REQUIRED ACTION: Repeat the data that follows exactly, starting at the line with "New Era 9Forty" and ending at the line with "Bisiklet Yaka %100", and leave out every picture.

RECORD SET:
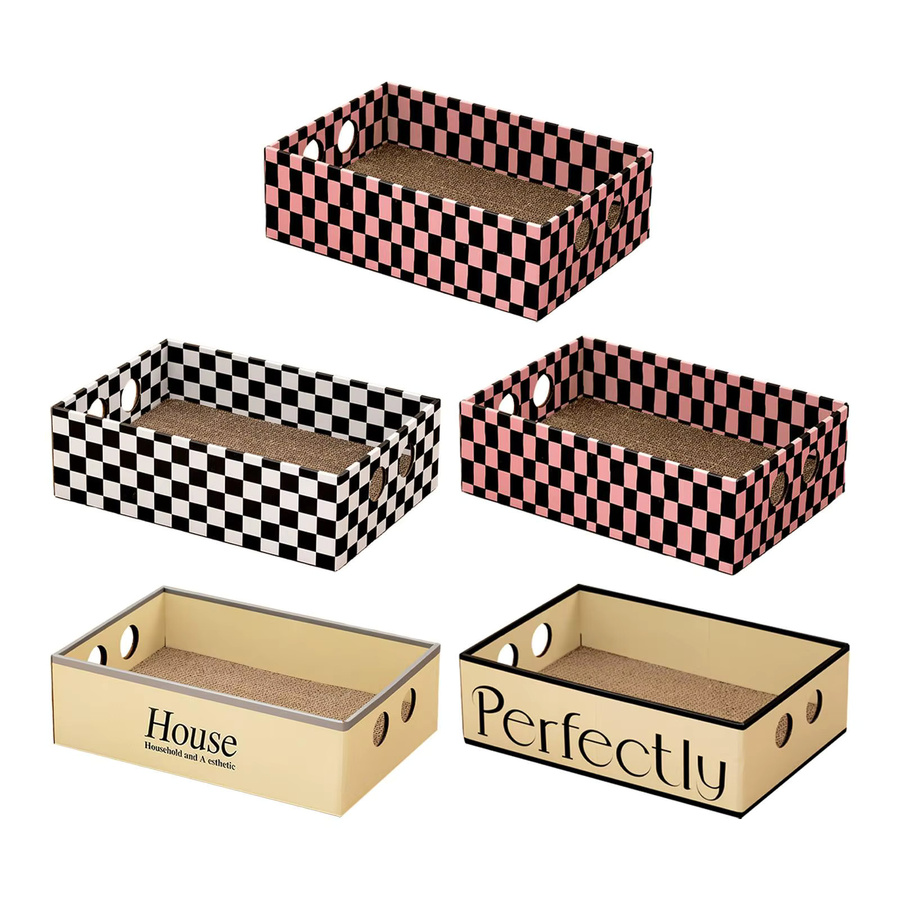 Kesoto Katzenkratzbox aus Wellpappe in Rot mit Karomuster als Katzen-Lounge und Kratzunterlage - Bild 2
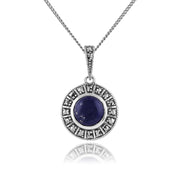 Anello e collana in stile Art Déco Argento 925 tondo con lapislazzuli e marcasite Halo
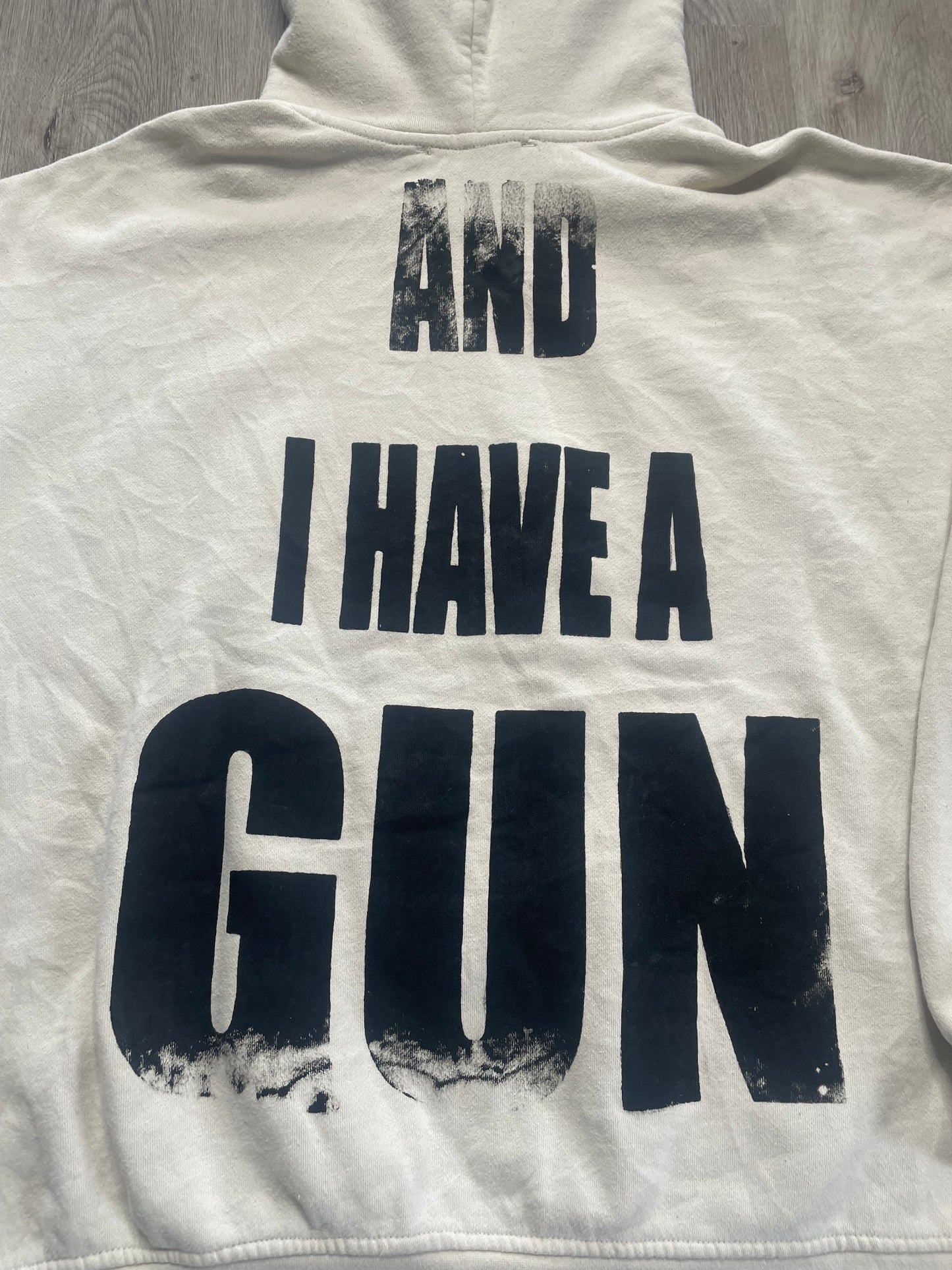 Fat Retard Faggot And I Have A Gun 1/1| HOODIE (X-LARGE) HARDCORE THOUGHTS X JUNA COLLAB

---

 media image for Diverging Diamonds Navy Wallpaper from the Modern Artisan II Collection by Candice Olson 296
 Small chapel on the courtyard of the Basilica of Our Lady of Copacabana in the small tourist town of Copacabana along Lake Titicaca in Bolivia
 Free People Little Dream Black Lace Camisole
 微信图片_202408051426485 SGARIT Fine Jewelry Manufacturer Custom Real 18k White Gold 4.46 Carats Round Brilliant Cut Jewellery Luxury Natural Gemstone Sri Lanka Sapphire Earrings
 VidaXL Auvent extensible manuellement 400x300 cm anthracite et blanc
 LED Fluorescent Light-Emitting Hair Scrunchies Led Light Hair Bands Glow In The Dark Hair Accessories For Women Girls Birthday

...

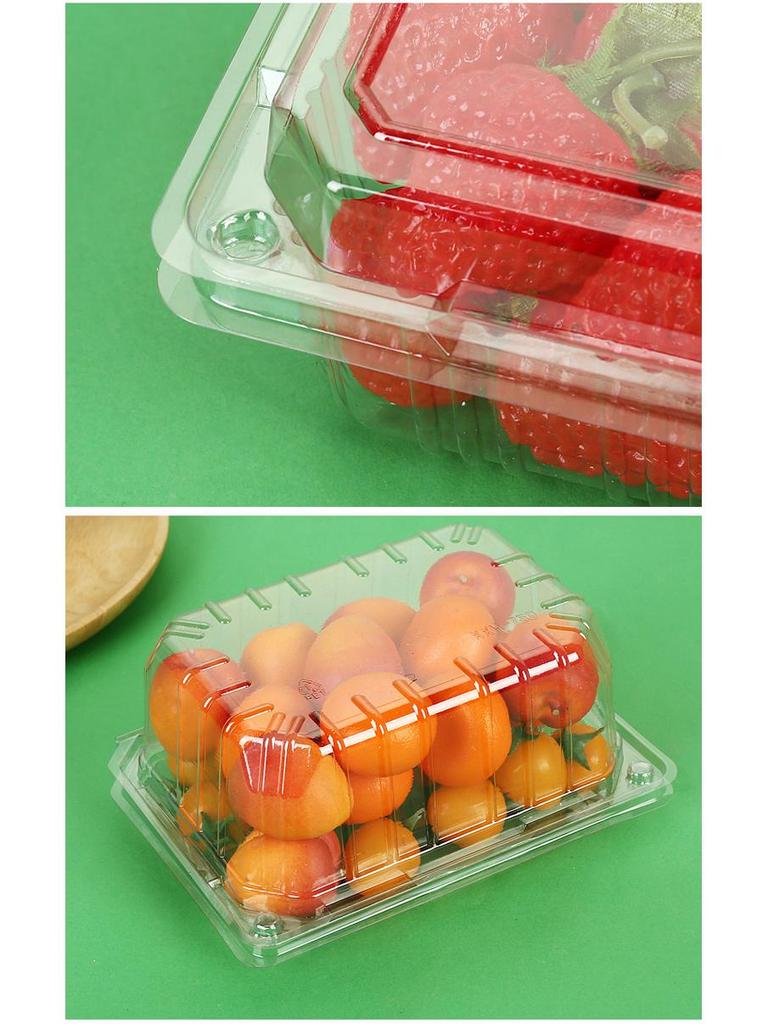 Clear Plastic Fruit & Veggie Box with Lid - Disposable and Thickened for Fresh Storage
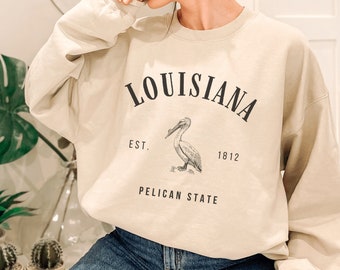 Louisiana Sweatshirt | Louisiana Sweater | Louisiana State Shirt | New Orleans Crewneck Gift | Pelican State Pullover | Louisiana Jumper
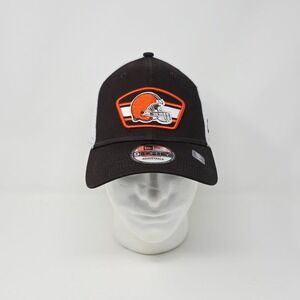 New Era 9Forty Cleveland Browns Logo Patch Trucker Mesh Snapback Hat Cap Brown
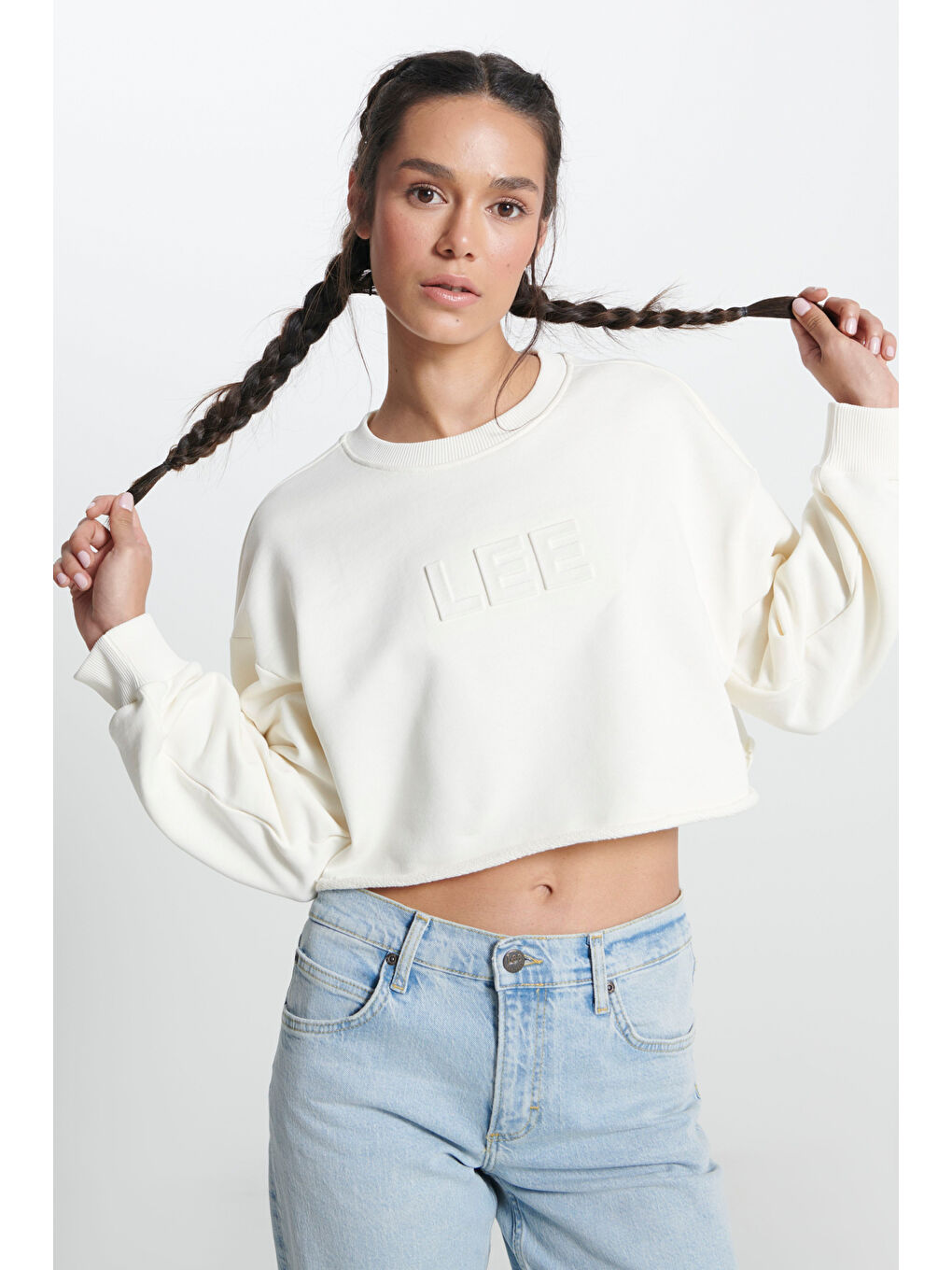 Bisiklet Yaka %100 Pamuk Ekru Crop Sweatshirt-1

EXERCISE ANSWER:
 New Era 9Forty Cleveland Browns Logo Patch Trucker Mesh Snapback Hat Cap Brown
 Bisiklet Yaka %100 Pamuk Ekru Crop Sweatshirt-1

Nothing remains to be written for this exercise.